Try it » Only these lines of the data below are wanted: the one with "Obraz premium Marijuana", the one with "В Одессе снова ожидают ветер ураганной силы", and any lines between them, each repeated exactly.

--- Data Enclosed Below ---

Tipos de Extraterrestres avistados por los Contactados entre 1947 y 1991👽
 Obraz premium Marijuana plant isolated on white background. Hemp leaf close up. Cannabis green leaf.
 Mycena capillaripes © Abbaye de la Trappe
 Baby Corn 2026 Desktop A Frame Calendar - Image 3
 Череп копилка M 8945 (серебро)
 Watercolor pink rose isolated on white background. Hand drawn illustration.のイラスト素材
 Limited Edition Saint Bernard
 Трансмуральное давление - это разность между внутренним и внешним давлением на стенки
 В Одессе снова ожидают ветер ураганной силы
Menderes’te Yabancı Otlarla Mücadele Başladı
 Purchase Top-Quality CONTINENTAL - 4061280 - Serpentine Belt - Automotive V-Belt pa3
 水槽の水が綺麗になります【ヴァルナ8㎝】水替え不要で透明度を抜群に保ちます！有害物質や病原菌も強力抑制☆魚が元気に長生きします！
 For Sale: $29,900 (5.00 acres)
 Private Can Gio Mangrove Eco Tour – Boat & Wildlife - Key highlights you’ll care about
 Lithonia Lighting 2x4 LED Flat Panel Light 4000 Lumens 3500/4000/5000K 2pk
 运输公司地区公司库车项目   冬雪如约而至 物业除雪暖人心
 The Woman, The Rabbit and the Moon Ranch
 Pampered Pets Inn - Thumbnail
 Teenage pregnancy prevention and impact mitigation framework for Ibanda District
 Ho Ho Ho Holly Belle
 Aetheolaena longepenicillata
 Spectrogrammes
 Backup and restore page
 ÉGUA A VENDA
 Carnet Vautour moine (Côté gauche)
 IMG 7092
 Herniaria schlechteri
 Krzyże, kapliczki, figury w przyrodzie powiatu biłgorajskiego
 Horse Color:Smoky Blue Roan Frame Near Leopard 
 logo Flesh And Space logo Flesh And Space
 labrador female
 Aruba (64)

--- End of Enclosed Data ---

Exercise answer »
 Obraz premium Marijuana plant isolated on white background. Hemp leaf close up. Cannabis green leaf.
 Mycena capillaripes © Abbaye de la Trappe
 Baby Corn 2026 Desktop A Frame Calendar - Image 3
 Череп копилка M 8945 (серебро)
 Watercolor pink rose isolated on white background. Hand drawn illustration.のイラスト素材
 Limited Edition Saint Bernard
 Трансмуральное давление - это разность между внутренним и внешним давлением на стенки
 В Одессе снова ожидают ветер ураганной силы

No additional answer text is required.